Nice comparison. What about the product resulting? Except for the multimedia and interactive attributes, which are quite obvious, what else has changed?
For digital, the surface is less limited than for print products. Adding a page (or a screen) in a publication doesn’t cost millions, like for paper, but only the price of its content. Therefore art directors and editors are tempted to put more visuals. It is however a mistake; one must continue to select the most relevant material.
So somehow it’s about adding more illustration to the same amount of text than about decreasing the text amount in order to put more photos, movies etc.?
I don’t think that the text will suffer from the bigger choice of visuals, in terms of proportions. Simply, there are other ways to explain things than long texts. Motion graphics is a new and fantastic graphic technique which enables us to present very complicated topics in a very clear way, for example.
You’ve mentioned more than once “touching screens.” Which reminds me of something interesting about magazines too. Their English name, “glossy.” Which has more to do with the feel/touch than with the reflecting quality of the paper. I’ve seen studies that said the acquisition impulse has a lot to do with the desire to feel the magazines. Does anything similar happen with touch screens? Somehow they get dirty with fingerprints very easily, but this doesn’t make them less desirable.
Touching screens are magic. You remember the movie with Tom Cruise, in which he was manipulating hologram screens floating in front of him (Minority Report, 2002 – n.r.). It looked science fiction but now it’s reality. The touching screens of phones and tablets is only the begining of this development. At Ringier Studios we’re now working on touching screens which can be windows, tables, walls or any flat surface. Quite close to what Tom Cruise has in his movie. And, yes, one should invent the screen which never get dirty.
If something else would be invented about all this, what would you like it to be?
Well, at the moment there are enough new things coming all the time to keep me busy. What could and must be improved is the capacity of the devices. At the moment, they are limited in terms of power and memory. With our rich content we push them to their limits.

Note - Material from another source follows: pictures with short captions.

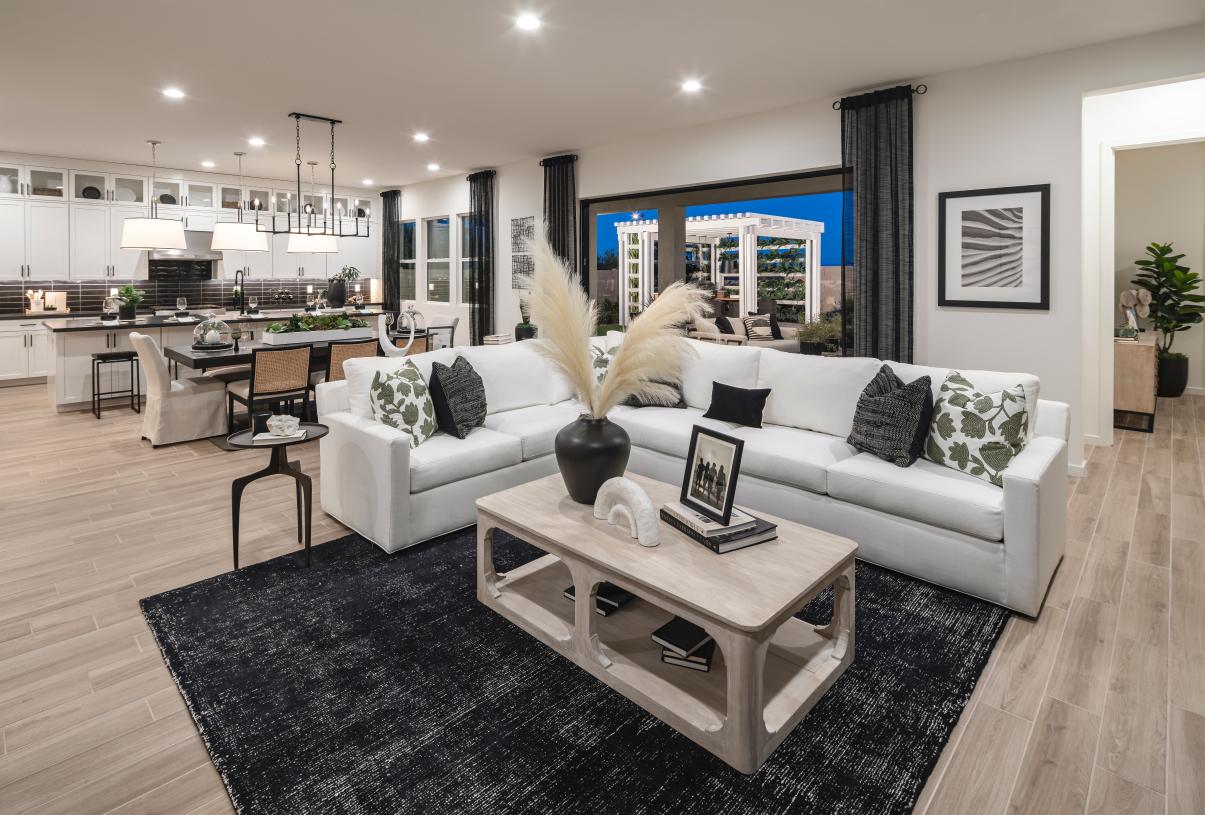 Open-concept floor plan with views of the great room, multi-sliding glass doors, and backyard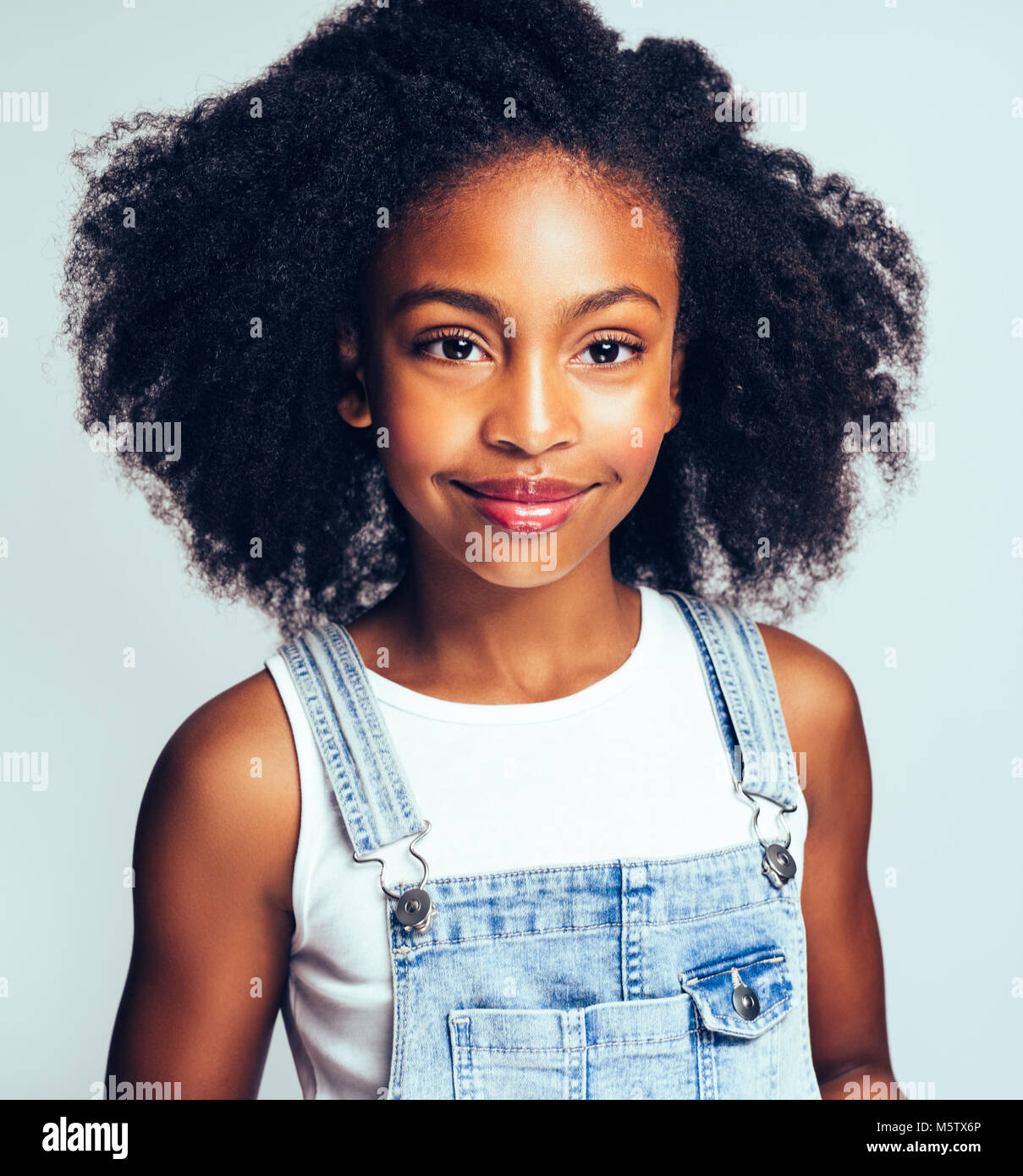 Cute young African girl with long curly hair smiling confidently and ...
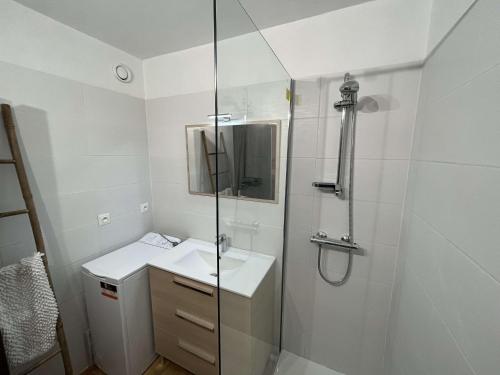 une salle de bain blanche avec une douche et un lavabo dans l'établissement Studio confort avec piscine, à 30m de la mer, Cap d'Agde - FR-1-607-76, au Cap d'Agde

OK. Back to paper. Have you recently done any print work? Is it frustrating to go back or nice?
I’m still an art consultant for a few publications, among them Elle Vietnam, and still enjoy working for print publications. But the digital development is of course much more challenging. I would feel punished if I had to go back to being a print art director only.
A question about my job. I came from writing. Do you think writers are disappearing or becoming less important? Somehow I’m worried about that, although I’ve switched to digital, consultancy etc. several years ago and I’m not in danger of becoming unemployed.
Well written texts are still successful. See The New Yorker iPad edition for example. And I think that it is too early to know what will be the model for publications in the future. I don’t see why there would be less text or why the editors’ work would be less important. We can imagine the most impressive animation or 3D infographic: without the right research and the right information, it wouldn’t make any sense.
Information is different from the text
It can be numbers – you’ve mentioned them before, and this has to do with the so-called “data journalism.” But nevertheless, let’s move on the Romanian market. You’ve been very influential here at the beginning of the last decade, by touching more or less all the Ringier titles in Romania: relaunches, face lifts and so on. Are you still connected with what happens on the Romanian market?
Unfortunately not. Being based in Vietnam for one year and working on global digital publications makes me feel closer to the Asian and US markets than to the charming East European countries.